Thursday, April 26, 2012

GO STATISTICS, YOUNG MAN



While riding along in my van the other day, I heard on my radio the voice of an "authority" on jobs. She discussed the job market generally. Naturally, wanting to be upbeat, as many have lost good jobs, she mentioned those that should be attractive in the upcoming years. The focus was on well-paying jobs of the hundred thousand dollar plus type. Surprisingly, the field of statistics was mentioned. According to this expert, the development of the internet and international commerce has engendered new requirements and problems. Such areas as cyber-sleuthing and the like were relatively new and complex. The general drift was that advances in the cyber-world were proceeding faster than the body of trained statistical experts available to properly measure, gauge and analyze them. Big government, big finance, big corporations, and big science were a-swim in big numbers rapidly replicating. Help!


Years ago I purchased a book about using statistics.
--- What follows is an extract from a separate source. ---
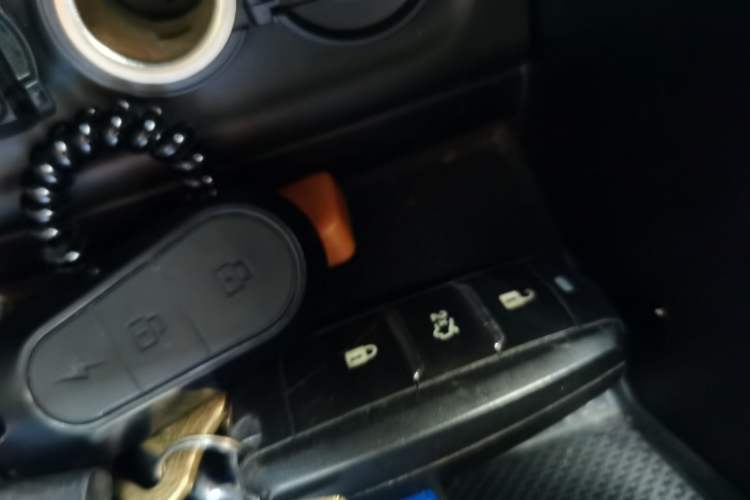 Used CHANGAN Eado 2019 High-Energy Edition 1.6L GDI Manual Pioneer Model China VI Standard Vehicle Key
I recall encountering a book with a title akin to "How To Prove Anything With Statistics." Indeed, the merit of statistics is entirely dependent on the person who does the statistical project and the person who pays s/he to do it. 'Tis said: He who pays the piper calls the tune." Therefore, without knowing the motivation and influences that were brought to bear on the statistician, one is likely to be a bit deceived.
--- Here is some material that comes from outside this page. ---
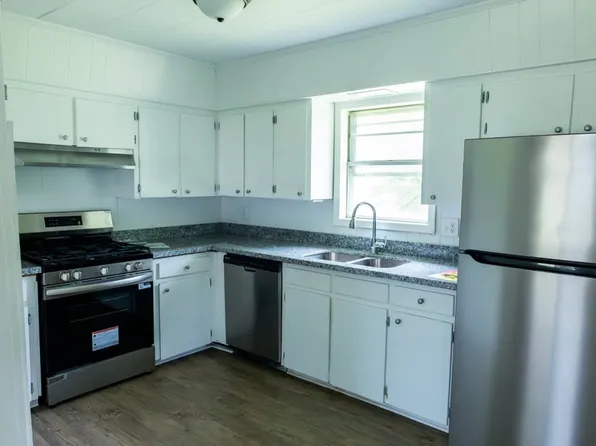 704 Cecile Blvd, Breaux Bridge, LA 70517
Newspapers are not the only ones deep "into" material omissions.


Further, politicians, government officials and businessmen are not the only ones who like to accentuate the positive. This can lead to embarrassing public admissions and "corrections" later. Often, statistical data are flashed to provide evidence of an assertion. The general public expects a politician or public official to use such "hard" evidence. They are reassuring.


Frankly, inertia is as valid a law in public policy as it is in physics. Familiar speed and terrain make a policy trip seem safer - even sound. Let's not go off "half-cocked," being a statement that begs for the same policies, albeit refurbished. In national politics radical changes from within only occur at the point of a threatened national mortality.


Statistics is a tool wielded by opponents as they seek advantage in the eye of constituents. The president of the United States, Mr. Obama, has a distinct advantage here. Only when his policies seem failed to the public are the statistics of the opposition given any widespread reception.


Whether derivatives, "bank swaps," cyber-wars, or public policy, masters of numbers - statisticians - should prove to be in demand.